Furthermore, perpetuity was essential for this scheme to work, as spending down the foundation’s assets would have meant selling the company shares, diluting the heirs’ control over the company.
North of the 49th parallel, this practice was much less widely used, according to several Canadian charitable lawyers. But for philanthropists in both countries there was a second less altruistic motivation for perpetuity: legacy.
“The reason why the foundations want to exist — is that they’re holding — or continue to hold the legacy of the owner,” said Peter R. Eleson, a professor at the University of Victoria who has written several books about Canadian philanthropy. “In many respects, at least initially, the foundations very much took on the kind of social evangelical (both in a way to do things, and in a religious sense) values of the founding person.”

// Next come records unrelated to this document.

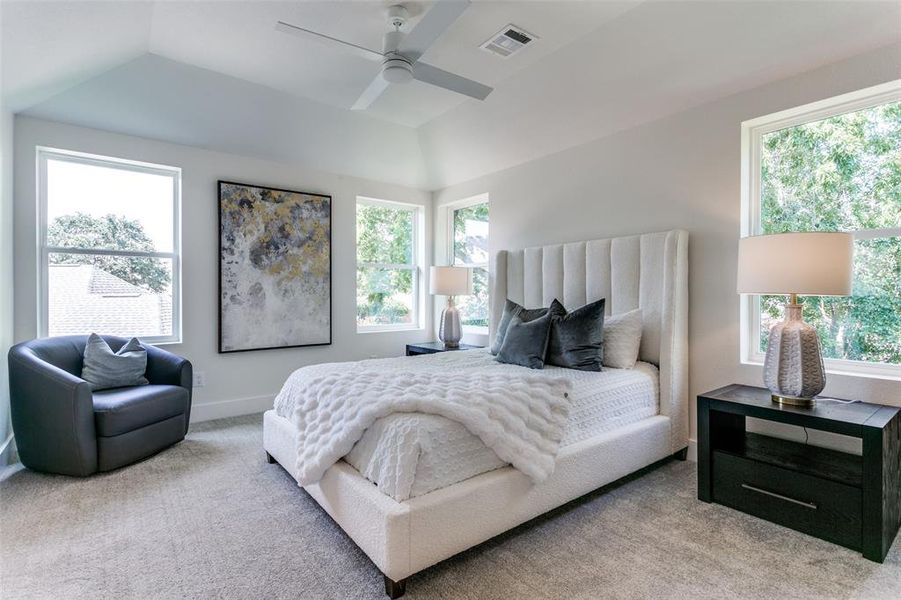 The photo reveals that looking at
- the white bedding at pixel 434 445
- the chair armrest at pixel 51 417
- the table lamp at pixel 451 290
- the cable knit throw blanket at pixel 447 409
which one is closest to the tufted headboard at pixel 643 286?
the white bedding at pixel 434 445

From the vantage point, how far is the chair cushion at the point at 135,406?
8.52 ft

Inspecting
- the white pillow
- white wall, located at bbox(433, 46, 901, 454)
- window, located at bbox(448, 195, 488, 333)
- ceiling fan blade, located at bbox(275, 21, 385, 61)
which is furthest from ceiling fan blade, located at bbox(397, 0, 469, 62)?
window, located at bbox(448, 195, 488, 333)

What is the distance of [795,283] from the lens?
204 centimetres

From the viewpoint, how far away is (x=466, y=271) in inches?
175

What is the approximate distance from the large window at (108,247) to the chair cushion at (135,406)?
32.2 inches

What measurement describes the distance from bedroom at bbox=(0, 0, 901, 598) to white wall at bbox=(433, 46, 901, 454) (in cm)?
2

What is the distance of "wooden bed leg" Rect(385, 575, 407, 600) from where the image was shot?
155 centimetres

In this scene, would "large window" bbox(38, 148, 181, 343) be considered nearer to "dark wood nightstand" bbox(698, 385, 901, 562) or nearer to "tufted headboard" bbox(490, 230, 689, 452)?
"tufted headboard" bbox(490, 230, 689, 452)

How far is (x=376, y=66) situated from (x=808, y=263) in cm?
300

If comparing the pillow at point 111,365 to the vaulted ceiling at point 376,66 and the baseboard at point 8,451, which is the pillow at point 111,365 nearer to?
the baseboard at point 8,451

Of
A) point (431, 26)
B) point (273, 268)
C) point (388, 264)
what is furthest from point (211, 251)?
point (431, 26)

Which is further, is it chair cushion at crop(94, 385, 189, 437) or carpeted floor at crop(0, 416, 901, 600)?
chair cushion at crop(94, 385, 189, 437)

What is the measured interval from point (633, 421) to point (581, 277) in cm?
126

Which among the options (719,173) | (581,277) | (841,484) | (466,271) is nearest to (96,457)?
(466,271) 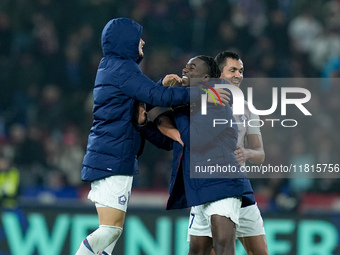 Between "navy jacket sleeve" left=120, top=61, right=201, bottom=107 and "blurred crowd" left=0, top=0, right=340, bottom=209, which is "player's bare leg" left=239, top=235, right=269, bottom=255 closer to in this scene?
"navy jacket sleeve" left=120, top=61, right=201, bottom=107

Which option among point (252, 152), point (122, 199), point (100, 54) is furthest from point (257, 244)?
point (100, 54)

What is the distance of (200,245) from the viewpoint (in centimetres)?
546

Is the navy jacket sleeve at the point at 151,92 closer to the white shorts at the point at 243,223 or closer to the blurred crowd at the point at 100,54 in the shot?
the white shorts at the point at 243,223

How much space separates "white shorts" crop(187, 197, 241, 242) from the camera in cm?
513

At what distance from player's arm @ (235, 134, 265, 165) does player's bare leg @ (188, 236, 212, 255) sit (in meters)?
0.61

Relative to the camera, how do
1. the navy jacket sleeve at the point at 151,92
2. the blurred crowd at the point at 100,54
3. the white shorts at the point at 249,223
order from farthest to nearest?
1. the blurred crowd at the point at 100,54
2. the white shorts at the point at 249,223
3. the navy jacket sleeve at the point at 151,92

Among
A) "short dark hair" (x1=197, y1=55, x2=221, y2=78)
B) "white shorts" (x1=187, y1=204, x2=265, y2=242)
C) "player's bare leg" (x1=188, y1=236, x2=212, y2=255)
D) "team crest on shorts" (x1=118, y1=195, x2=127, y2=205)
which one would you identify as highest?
"short dark hair" (x1=197, y1=55, x2=221, y2=78)

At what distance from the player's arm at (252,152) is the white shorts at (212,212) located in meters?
0.30

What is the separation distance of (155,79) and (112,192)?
6722 mm

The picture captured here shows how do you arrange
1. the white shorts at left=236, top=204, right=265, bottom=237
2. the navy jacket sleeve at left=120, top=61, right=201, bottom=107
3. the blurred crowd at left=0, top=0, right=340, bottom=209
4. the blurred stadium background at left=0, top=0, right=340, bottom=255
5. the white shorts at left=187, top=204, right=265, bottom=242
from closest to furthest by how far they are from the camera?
the navy jacket sleeve at left=120, top=61, right=201, bottom=107, the white shorts at left=187, top=204, right=265, bottom=242, the white shorts at left=236, top=204, right=265, bottom=237, the blurred stadium background at left=0, top=0, right=340, bottom=255, the blurred crowd at left=0, top=0, right=340, bottom=209

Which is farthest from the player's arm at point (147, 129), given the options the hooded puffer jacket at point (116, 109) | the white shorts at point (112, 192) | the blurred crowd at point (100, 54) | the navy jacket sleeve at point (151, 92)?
the blurred crowd at point (100, 54)

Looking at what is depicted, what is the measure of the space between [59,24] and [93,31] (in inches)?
26.8

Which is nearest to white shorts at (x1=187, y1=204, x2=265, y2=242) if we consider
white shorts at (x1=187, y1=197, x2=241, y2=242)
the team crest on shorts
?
white shorts at (x1=187, y1=197, x2=241, y2=242)

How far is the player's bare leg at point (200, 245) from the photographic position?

In Canada, this kind of motivation is often attributed to donors who are particularly fond of ‘capital’ projects — the building of new buildings or the purchase of new equipment — which offer the opportunity for naming civic infrastructure.
For instance, donations from the Massey foundation, the first private foundation in Canada, helped build Massey Hall at the University of Toronto — an institution that carries the legacy of its benefactor. More recently, a $35 million donation from mining businessman Peter Munk helped to launch that university’s School of Global Affairs, offering him the same perpetual notoriety.
Throughout history accountability comes from the “public eye”
At the root of the modern charitable foundation is the structure of the ‘trust’ — the three-way link between the land holder, his trustees and his heir. In the medieval era, the word “trust” was used to connote the faith that the land holder was bestowing in his trustees to honor his wishes — to do right by him.
This same relationship of faith seems embedded in the links between the donor, their trustees, and the public.
In outlining the differences between charitable foundations and corporations or government, Eric Abrahamson argues that unlike corporations (who have shareholders) or government (who responds to citizen’s votes) the only real accountability for philanthropy “is in the public eye.”
He also said that sometimes, throughout history, philanthropists have been “surprised” by just how energetic that public accountability can be, if foundations are not seen as operating in good faith.
In medieval England, spurred by the Protestant Reformation (and the desire for an annulment of his marriage), King Henry VIII seized much of the Catholic church’s land, vowing to reign in the churches’ excess. And 1969, in the United States, citizens and lawmakers alike pushed for an end to the perpetual foundation, in response to what was seen as “self-dealing” activity, landing ultimately a six percent disbursement quota instead.
Over the past year, this same sort of energy has been on display in relation to the disbursement quota, in op-eds, conference sessions and conversations between colleagues.
Sensing this pressure, the Federal government announced in the 2021 budget that it would engage the charitable sector in consultations about a potential increase to the DQ in 2022. In response, earlier this month, Ed Waitzer, a retired lawyer, penned an op-ed in the Toronto Star, arguing that it’s not the charitable sector who should be consulted — but the public.
If the history of perpetuity demonstrates anything, it’s that today’s crop of powerful philanthropists would be well served by avoiding that fate. Because today, as was the case back then, they have much to gain from perpetuity.